• [WHAT TO WORK ON]:
Give the data below again exactly, and drop each picture from it.

• [DATA EXTRACT]:

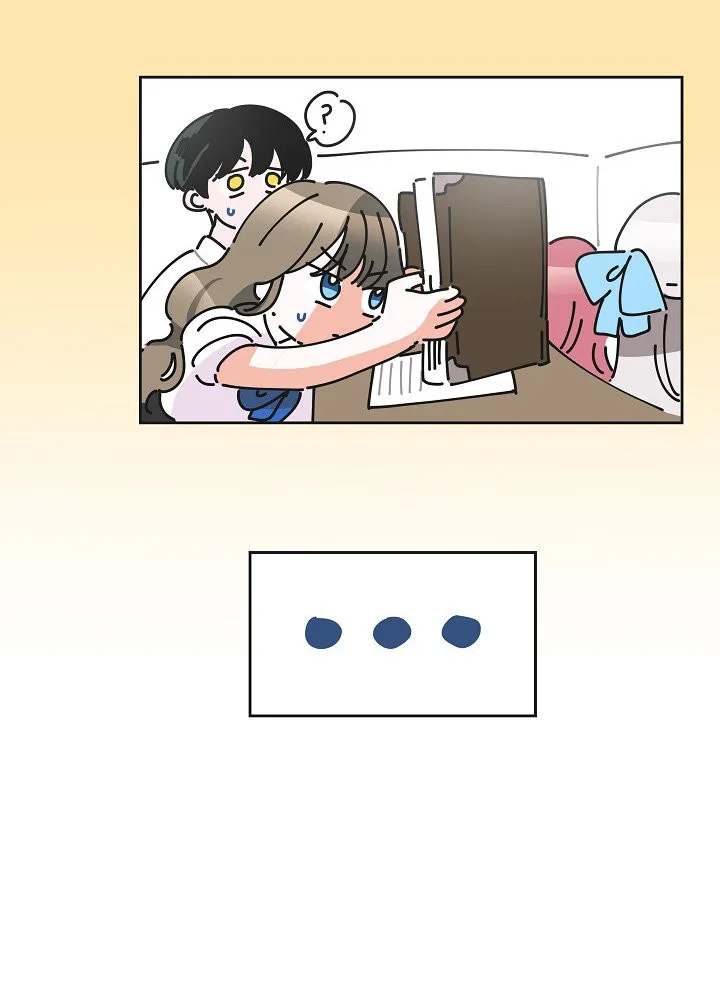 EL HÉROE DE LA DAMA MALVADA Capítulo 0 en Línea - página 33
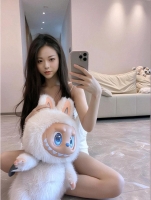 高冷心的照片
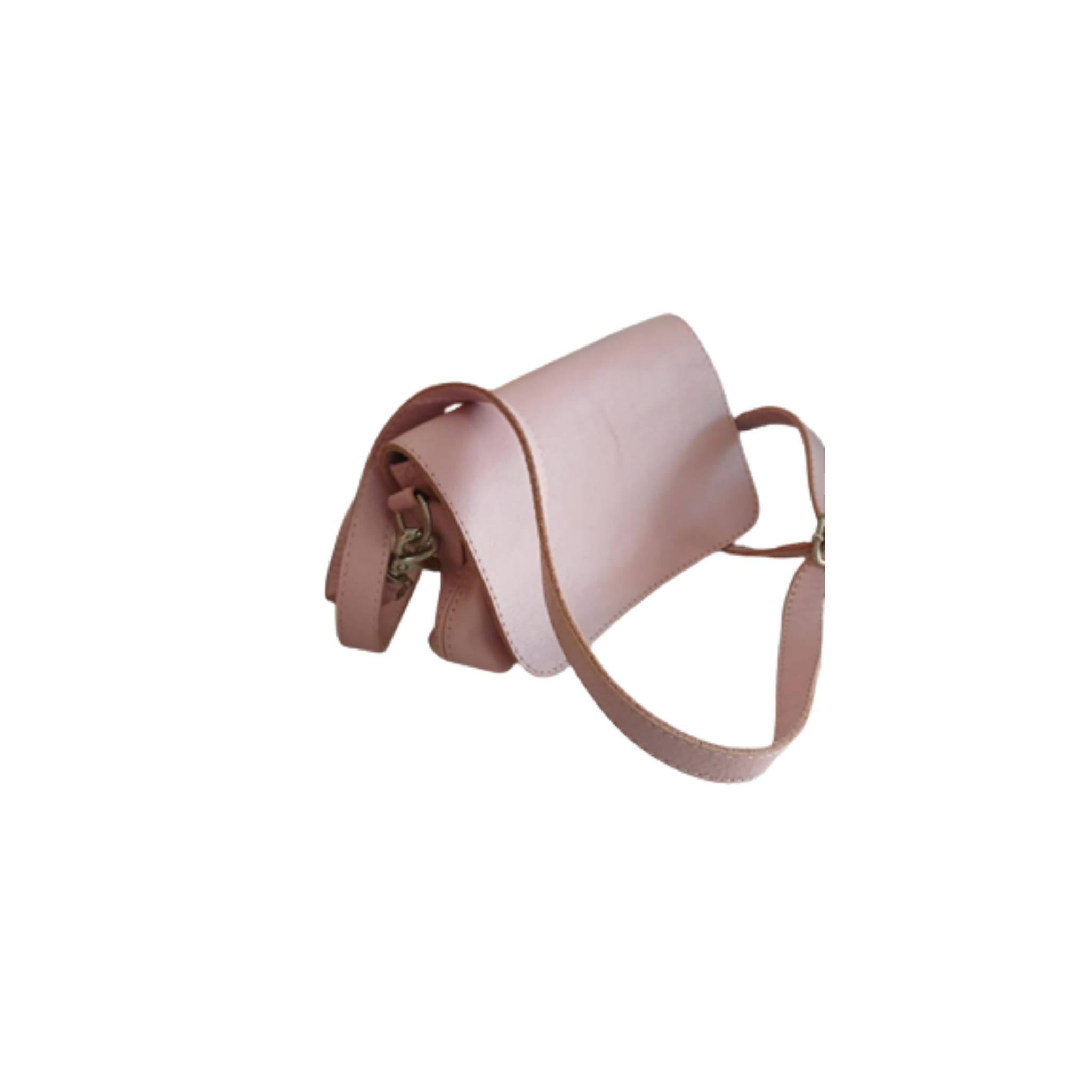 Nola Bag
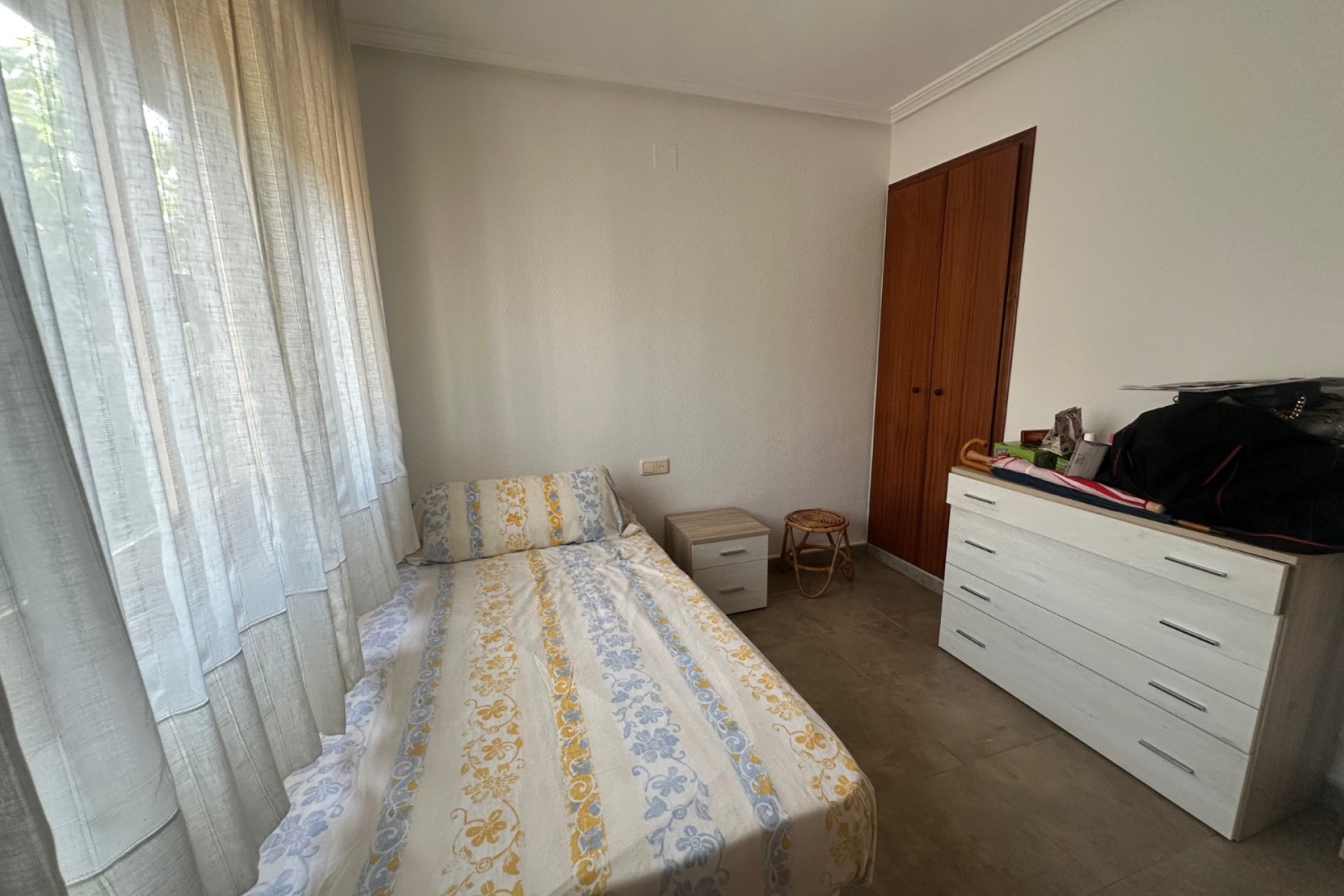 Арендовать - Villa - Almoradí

• [COMPLETED EXERCISE]:
 EL HÉROE DE LA DAMA MALVADA Capítulo 0 en Línea - página 33
 高冷心的照片
 Nola Bag
 Арендовать - Villa - Almoradí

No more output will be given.